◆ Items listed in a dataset
----------------------------------------

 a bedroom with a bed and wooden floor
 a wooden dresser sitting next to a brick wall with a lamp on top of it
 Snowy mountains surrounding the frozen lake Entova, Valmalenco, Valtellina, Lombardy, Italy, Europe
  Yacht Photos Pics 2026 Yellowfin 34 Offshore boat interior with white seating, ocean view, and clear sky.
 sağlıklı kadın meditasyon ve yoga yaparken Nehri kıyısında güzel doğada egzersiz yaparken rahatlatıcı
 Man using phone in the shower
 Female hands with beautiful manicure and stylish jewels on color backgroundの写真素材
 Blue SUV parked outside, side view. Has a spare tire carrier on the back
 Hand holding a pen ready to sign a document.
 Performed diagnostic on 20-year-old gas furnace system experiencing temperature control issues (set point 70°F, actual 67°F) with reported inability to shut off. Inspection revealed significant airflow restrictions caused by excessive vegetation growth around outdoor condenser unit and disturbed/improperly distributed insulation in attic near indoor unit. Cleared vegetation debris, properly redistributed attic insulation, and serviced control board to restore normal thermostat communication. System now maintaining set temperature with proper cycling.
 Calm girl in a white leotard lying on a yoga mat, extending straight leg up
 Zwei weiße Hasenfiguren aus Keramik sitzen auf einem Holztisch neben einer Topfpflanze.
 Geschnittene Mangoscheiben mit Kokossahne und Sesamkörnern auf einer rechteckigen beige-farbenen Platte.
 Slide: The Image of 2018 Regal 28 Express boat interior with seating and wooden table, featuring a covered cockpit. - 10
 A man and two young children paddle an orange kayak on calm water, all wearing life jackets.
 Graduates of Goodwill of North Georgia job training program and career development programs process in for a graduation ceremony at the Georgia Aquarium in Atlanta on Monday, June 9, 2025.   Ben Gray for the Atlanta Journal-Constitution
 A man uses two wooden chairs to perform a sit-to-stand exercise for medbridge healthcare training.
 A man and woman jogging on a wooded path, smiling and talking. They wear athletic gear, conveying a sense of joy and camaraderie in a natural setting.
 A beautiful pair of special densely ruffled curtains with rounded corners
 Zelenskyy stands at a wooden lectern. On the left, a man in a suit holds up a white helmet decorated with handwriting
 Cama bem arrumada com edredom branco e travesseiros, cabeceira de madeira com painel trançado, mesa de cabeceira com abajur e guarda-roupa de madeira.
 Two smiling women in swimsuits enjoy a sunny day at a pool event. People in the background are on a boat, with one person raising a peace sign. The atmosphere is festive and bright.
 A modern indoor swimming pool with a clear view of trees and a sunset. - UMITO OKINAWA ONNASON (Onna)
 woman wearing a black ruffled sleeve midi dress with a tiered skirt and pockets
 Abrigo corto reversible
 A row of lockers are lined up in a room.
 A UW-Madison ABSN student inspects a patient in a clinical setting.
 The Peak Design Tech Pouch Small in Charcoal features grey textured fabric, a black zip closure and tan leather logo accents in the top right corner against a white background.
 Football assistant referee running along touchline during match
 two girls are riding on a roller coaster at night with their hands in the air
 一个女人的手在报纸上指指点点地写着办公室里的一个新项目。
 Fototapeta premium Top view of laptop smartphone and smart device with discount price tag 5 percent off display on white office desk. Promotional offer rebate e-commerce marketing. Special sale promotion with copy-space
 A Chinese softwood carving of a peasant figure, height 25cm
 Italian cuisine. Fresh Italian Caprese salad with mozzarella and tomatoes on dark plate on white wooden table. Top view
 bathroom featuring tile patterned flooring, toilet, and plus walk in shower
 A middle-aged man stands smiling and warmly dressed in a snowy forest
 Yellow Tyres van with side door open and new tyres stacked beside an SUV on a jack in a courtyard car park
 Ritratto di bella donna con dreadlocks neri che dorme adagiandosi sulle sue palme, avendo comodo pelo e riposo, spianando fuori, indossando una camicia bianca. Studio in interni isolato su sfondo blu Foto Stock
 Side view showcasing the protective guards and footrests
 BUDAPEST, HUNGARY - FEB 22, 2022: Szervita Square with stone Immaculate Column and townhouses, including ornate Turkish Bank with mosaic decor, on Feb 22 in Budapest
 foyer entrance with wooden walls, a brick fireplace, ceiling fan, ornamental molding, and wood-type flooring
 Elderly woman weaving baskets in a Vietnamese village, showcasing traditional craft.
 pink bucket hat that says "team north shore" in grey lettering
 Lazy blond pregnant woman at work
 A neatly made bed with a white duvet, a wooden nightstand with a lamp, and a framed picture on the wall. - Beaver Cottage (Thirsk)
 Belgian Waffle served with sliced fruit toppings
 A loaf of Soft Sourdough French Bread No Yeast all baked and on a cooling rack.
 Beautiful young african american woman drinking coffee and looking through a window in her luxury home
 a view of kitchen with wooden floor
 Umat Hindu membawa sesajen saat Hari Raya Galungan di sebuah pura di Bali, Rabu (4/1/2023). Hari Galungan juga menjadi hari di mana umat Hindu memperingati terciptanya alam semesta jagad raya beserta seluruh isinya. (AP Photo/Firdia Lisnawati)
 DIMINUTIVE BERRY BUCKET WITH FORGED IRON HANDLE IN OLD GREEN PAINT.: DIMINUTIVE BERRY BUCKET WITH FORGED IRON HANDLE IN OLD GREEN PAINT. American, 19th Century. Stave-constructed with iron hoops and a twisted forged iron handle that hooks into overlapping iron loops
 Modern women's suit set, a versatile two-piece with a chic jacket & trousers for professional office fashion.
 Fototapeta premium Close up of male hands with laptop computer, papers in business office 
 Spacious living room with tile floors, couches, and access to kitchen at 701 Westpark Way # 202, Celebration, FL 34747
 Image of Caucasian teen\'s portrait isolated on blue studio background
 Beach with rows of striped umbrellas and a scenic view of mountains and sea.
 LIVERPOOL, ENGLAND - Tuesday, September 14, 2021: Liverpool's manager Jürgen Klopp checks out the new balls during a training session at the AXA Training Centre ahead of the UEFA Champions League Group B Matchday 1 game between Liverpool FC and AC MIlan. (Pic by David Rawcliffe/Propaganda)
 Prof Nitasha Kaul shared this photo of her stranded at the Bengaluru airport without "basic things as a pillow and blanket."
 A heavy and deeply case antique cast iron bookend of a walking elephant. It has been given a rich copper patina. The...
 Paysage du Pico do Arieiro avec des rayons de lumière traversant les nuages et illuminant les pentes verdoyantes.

----------------------------------------

From the entries above, write out only the lines starting at the line that holds "woman wearing a" and ending at the line that holds "Yellow Tyres van", keeping both and matching them exactly.

◆ OUTPUT BELOW
 woman wearing a black ruffled sleeve midi dress with a tiered skirt and pockets
 Abrigo corto reversible
 A row of lockers are lined up in a room.
 A UW-Madison ABSN student inspects a patient in a clinical setting.
 The Peak Design Tech Pouch Small in Charcoal features grey textured fabric, a black zip closure and tan leather logo accents in the top right corner against a white background.
 Football assistant referee running along touchline during match
 two girls are riding on a roller coaster at night with their hands in the air
 一个女人的手在报纸上指指点点地写着办公室里的一个新项目。
 Fototapeta premium Top view of laptop smartphone and smart device with discount price tag 5 percent off display on white office desk. Promotional offer rebate e-commerce marketing. Special sale promotion with copy-space
 A Chinese softwood carving of a peasant figure, height 25cm
 Italian cuisine. Fresh Italian Caprese salad with mozzarella and tomatoes on dark plate on white wooden table. Top view
 bathroom featuring tile patterned flooring, toilet, and plus walk in shower
 A middle-aged man stands smiling and warmly dressed in a snowy forest
 Yellow Tyres van with side door open and new tyres stacked beside an SUV on a jack in a courtyard car park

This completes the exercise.